Time Magazine's "Dropout Nation"
In the middle of April, Time Magazine ran a cover story called "Dropout Nation." Nathan Thornburgh wrote the article, and he claimed that thirty percent of America’s high school students end up dropping out of high school. There is little doubt that most people reading this would wrongly assume that this is just another failure of public education.
First of all, while there are areas in the nation where the dropout rate is high, the claim that the overall total is thirty percent is dubious. What makes me want to scream, however, especially at this time of year, is the message sent in the article that when a student drops out, it is actually the school’s fault.
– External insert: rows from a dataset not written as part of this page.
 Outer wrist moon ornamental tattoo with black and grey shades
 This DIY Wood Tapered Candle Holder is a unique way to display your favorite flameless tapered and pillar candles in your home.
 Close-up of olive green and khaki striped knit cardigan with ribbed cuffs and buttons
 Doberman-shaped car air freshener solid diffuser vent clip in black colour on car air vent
Thornburgh interviewed three dropouts from past and present generations, and (Surprise, surprise!) all three indicated that their decisions to drop out were the fault of their schools in some way. One woman, who is now twenty-eight years old, spent much of her high school career skipping classes. She blames her dropping out on a frustrated administrator who finally asked her, "Why don’t you just quit school?" Now the young woman says that she wonders what would have happened if someone had asked her to stay. I guess we are supposed to assume that she would have turned around and become a model student if only somebody in that nasty school system would have cared. I say, "Good for that administrator!"
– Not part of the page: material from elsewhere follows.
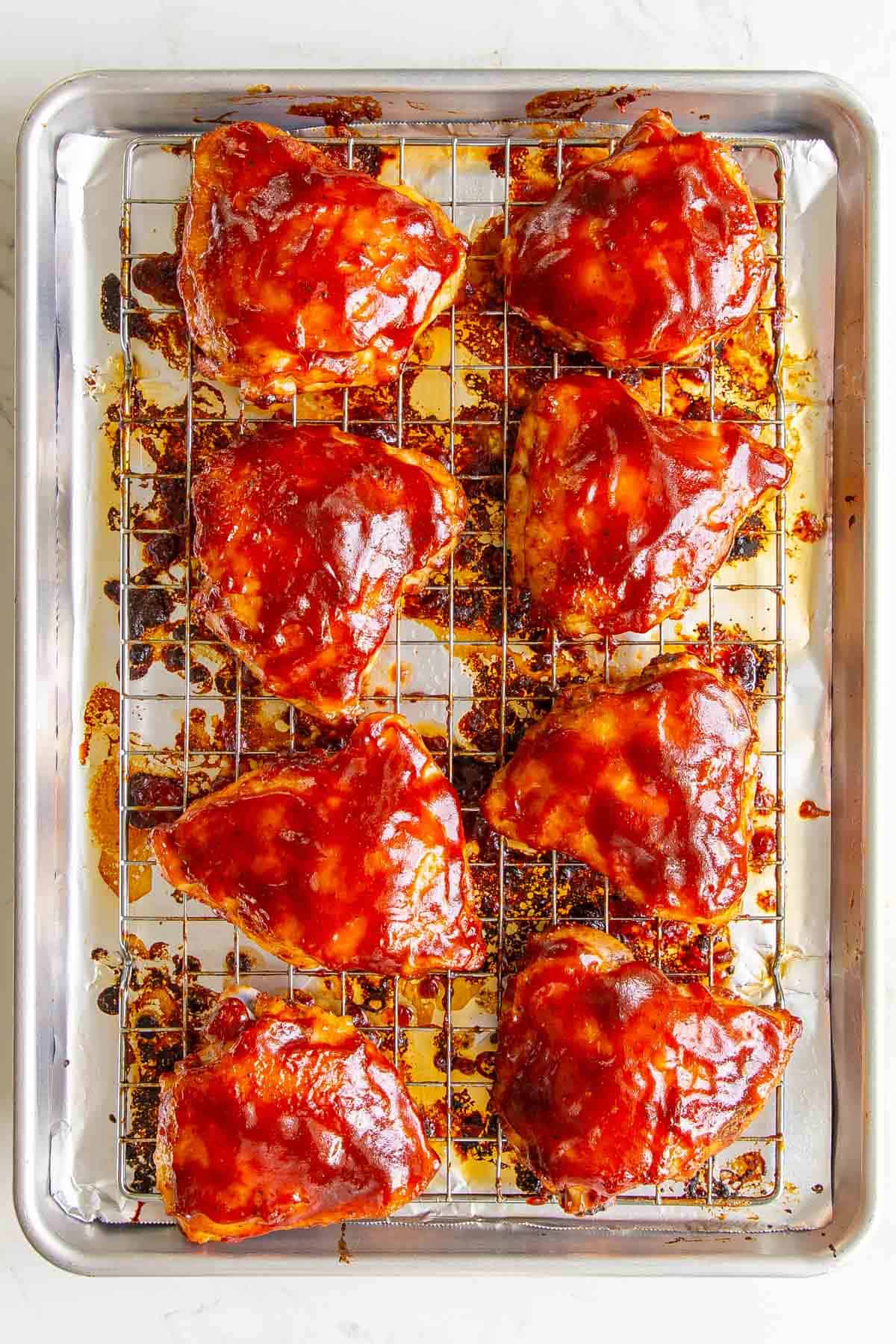 Overhead view of baked BBQ chicken thighs on a wire rack in a baking sheet.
Another young woman, who recently dropped out, seemed to blame it on the cheerleaders in the school because they weren’t nice to her. Her mother, who also dropped out, blamed her own decision on that all-time popular favorite—the school’s indifference. Why am I not shocked that none of the three dropouts are willing to take full responsibility for their own actions and decisions?
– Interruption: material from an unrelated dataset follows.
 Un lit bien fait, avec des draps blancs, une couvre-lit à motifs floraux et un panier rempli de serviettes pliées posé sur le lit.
Let’s face it--dropouts are usually non-performers. The Time article says that dropouts rarely report being overwhelmed academically, and that strikes me as true. When kids drop out it’s rarely because they CAN’T do the work; it’s because they simply WON’T do it. Our public schools invest more time, attention, and money on kids like them than anyone else. Most of the letters and phone calls home and meetings we have after school involve them. We have special education programs, 504 plans, counselors, school social workers and probation officers; and we don’t have all these things because someone decided the honor roll students needed extra help. In the classroom we’ve tried having basic classes, we’ve tried mainstreaming, and we’ve tried various new teaching methods—some of them idiotic—in an effort to bring the non-performers along. So please don’t tell me that we have dropouts because public schools are indifferent.
Time’s approach to our "dropout crisis" is typical of the way our society has approached all educational problems involving students who don’t perform. We blame everyone except the non-performers. For some reason, we have decided to treat the non-performers in our schools as victims. If they are victims, they are certainly not victims of our public education system. In many cases they are victims of poor parenting, in some cases they are victims of the bad influence of the friends that they have chosen, and in others they are simply victims of their own lousy decisions.
Public schools should welcome kids of all ability levels who really want to get an education. They should welcome kids with legitimate learning and emotional disabilities, and they should do everything they can to help them as long as those kids show a desire to learn and to be successful. Schools should also welcome back dropouts who have had an honest change of heart like one young man portrayed in Time’s story. But when a student has made up his mind that education has nothing that he wants, there’s not much we can do for him.
There should be real efforts made to turn potential dropouts around, and public schools do that. But for some kids there is a time when it becomes clear that nothing good can happen from their being in school, and they actually become detriments to their classmates’ education. When that happens, the school shouldn’t be blamed, and the student shouldn’t be encouraged to stay. In fact, if we really want to improve public education, when a student like this doesn't make the decision to leave school on his own, the school should be able to make that decision for him.